El palmares sí ha reconocido a Antonio Banderas como el mejor actor de esta edición. Un premio importante que convierte a Dolor y gloria en una referencia de la temporada cinematográfica, pero más allá del hito estamos ante una obra sosegada y profunda.
El calvario de Salvador Mallo, el protagonista de la cinta, es una historia de supervivencia al dolor físico; a los recuerdos de personas imborrables, de su madre, de la infancia; al buceo de sentimientos pasados que le valieron emoción y sentido a la vida. Un ritual de purga que baldea por medio de la heroína, los reencuentros, la remembranza del primer deseo, y la creación como vía de esperanza.
¿Cuánto ha puesto de autobiográfico el director en esta película? Solo algunas cuestiones en concreto quizás, y a la vez todo está plagado de él. Hasta el punto de que en la edición francesa del cartel de Dolor y gloria aparece proyectada la sombra de Pedro Almodóvar tras la estampa del protagonista encarnado por Banderas. Este juego de espejos está retratado en el actor malagueño, peinado y vestido como él o en el apartamento de Mallo en la ficción, decorado con cuadros y objetos reales pertenecientes al propio Pedro. Apuntes que en el film también se encargan de visibilizar la gloria que ha tenido la carrera de Salvador Mallo.
Un Almodóvar desinhibido, rompe con el pudor, para contarnos de esa forma tan suya, que entraña varios niveles de hondura, la historia de un director de cine con anhelo de redención.
Aquí, el realizador manchego, además de crear atmósferas a las que nos tiene acostumbrados, también muestra su dominio en los movimientos vaporosos de cámara, que funden de manera perfecta a los personajes con el entorno.

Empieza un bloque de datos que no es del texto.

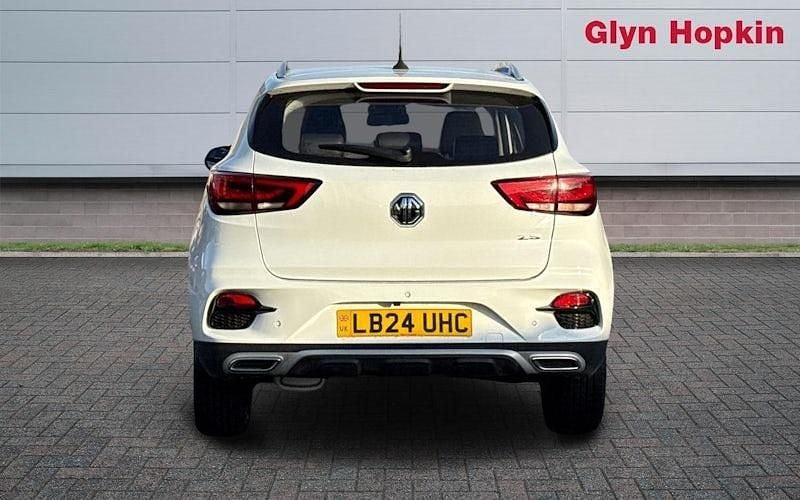 Used MG ZS Exclusive 111 HP (81 kW) 2024 SUV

La esencia formal de la película es elegante y acompasada.
Al calibrar el terreno de la emoción, no vamos a encontrar grandes picos conmovedores como en Todo sobre mi madre o Hable con ella, sino que la intensidad está emulsionada de manera más contenida, y no por ello el resultado pierde efecto.

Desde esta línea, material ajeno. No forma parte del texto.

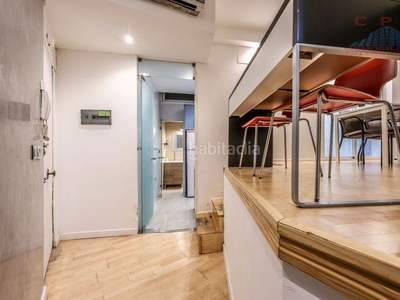 Alquiler piso magnífico y luminoso piso amueblado de 55 m2, 2 dormitorios; y terraza; próximo al metro Sol en Madrid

El responsable de La Ley del Deseo y La Mala Educación, cierra con Dolor y gloria una trilogía fraguada a lo largo de los años de forma casual. Los tres metrajes comparten una serie de temáticas y un afán de liberación que los hace estar directamente conectados dentro de su filmografía.
La interpretación de Antonio Banderas impresiona, lo mejor de la película está en su rostro y en su interior. Junto a él, un elenco de actores que cautiva desde Susi Sánchez a Leonardo Sbaraglia. Mención aparte para Penélope Cruz y Julieta Serrano, que dejan poso con su encarnación de la madre de Mallo. La primera con una intervención luminosa y entrañable; la segunda, reflexiva y guardiana del enigma que representa su hijo. A ellas se une Asier Etxeandía, el animal escénico, que realiza un insuperable monólogo teatral; uno de los puntos álgidos de la filmación.
En Dolor y gloria encontramos un homenaje explícito a la pantalla. La historia nos habla del cine dentro del cine, y de la vida dentro del cine, como hiciera Fellini en Ocho y medio, o Minnelli en Cautivos del mal. ‘La gran pantalla es el único icono y el único fetiche al que he sido fiel durante casi toda mi vida’, reconoce el autor.
La última secuencia de la película cierra este círculo de manera brillante.
En el film más intimista de Almodóvar hay amargura, pero también comprensión y rescate en la conclusión del cineasta. Una obra madura de un director que en el crepúsculo se libera de artificios para entregar lo más auténtico de su universo.
El triunfo de Banderas en Cannes es una merecida gloria.